Durch eine jahrzehntelange Prozessflut hat seine Schwester – mittlerweile Hannoveranerin – das Recht zur Abbildung von „Personen der Zeitgeschichte“ in der Presse in Deutschland und ganz Europa nachhaltig verändert. Beim zweiten und dritten Anlauf aber war Prinzessin Caroline vor dem Europäischen Gerichtshof für Menschenrechte (EGMR) gescheitert. Eine Gerichtsschlappe musste jetzt auch Albert von Monaco in Straßburg hinnehmen. Die Zeitschrift „Paris Match“ durfte über den unehelichen Sohn des Fürsten mit einer Stewardess berichten.
Das entschied die Große Kammer des EGMR im Fall „Couderc and Hachette Filipacchi Associés v. France (application no. 40454/07) am 10. November 2015. Zwei Tage nach der britischen Tageszeitung „Daily Mail“ hatte die französische Illustrierte im Mai 2005 einen Artikel über Albert Grimaldis unehelichen Sohn veröffentlicht, dem ein Interview mit dessen Mutter Nicole Coste zugrunde lag, heißt in der Pressemitteilung des Gerichtshofs. Der Fürst, gerade zwei Monate Regent von Monaco, hatte seinen Sohn zu diesem Zeitpunkt noch nicht anerkannt.
Fürst Albert war gerichtlich gegen die Berichterstattung vorgegangen und hatte vor dem Tribunal de Grande Instance in Nanterre und dem Versailler Berufungsgericht Recht bekommen. Die zwei Instanzen verhängten eine Strafe von 50.000 Euro. Da eine Revision in Frankreich nicht möglich war, beschwerte sich der Verlag von „Paris Match“ beim Straßburger Menschenrechtsgerichtshof und bekam Recht.
Die 17 Richter der Großen Kammer sahen in dem Urteil einstimmig einen Verstoß gegen das Recht auf freie Meinungsäußerung. Zwar sei die Privatsphäre des Fürsten verletzt. Jedoch sei die Freiheit der Meinungsäußerung gemäß Artikel 10 der Europäischen Menschenrechtskonvention in diesem Fall höher zu bewerten als die Persönlichkeitsrechte des Fürsten. Da es bei der Berichterstattung um die Erb- und Thronfolge ging, durfte die Presse nach Ansicht der Richter über den unehelichen Sohn des Fürsten berichten.

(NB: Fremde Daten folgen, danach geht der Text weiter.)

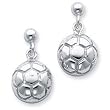 Sterling Silver Soccer Ball Dangle Earrings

In Deutschland war Fürst Albert bereits im November 2005 vor dem Oberlandesgericht Karlsruhe gegen die Zeitschrift „Bunte“, die ebenfalls einen Artikel über seinen unehelichen Sohn veröffentlich hatte, gescheitert (Pressemitteilung des OLG vom 18. November 2005). Prinzessin Caroline war schon seit den 1990er Jahren vor allem gegen Fotoveröffentlichungen in deutschen Illustrierten vorgegangen. Durch eine Entscheidung des Straßburger Gerichtshof vom Mai 2004 veränderte die Monegassin die bundesdeutsche Rechtsprechung zu Abbildungen von Personen der Zeitgeschichte entscheidend (siehe M 4/2008). Bei ihrem zweiten Anlauf vor dem EGMR im Jahre 2012 scheiterte Caroline von Hannover (siehe M 2/2012), ebenso beim dritten im September 2013.
Auch in Deutschland gehen die Prozesse um das Bildnisrecht weiter: Kürzlich sprach das Landgericht Hamburg der Ehefrau des weltbekannten Formel-1-Fahrers Michael Schumacher einen Anspruch auf Schadensersatz in Höhe von 60.000 Euro wegen rechtsverletzender Presseberichte zu. Dabei ging es um die Veröffentlichung mehrerer Fotos, die sie beim Besuch des Krankenhauses zeigen, in das ihr beim Skifahren schwer verunglückter Mann behandelt wurde.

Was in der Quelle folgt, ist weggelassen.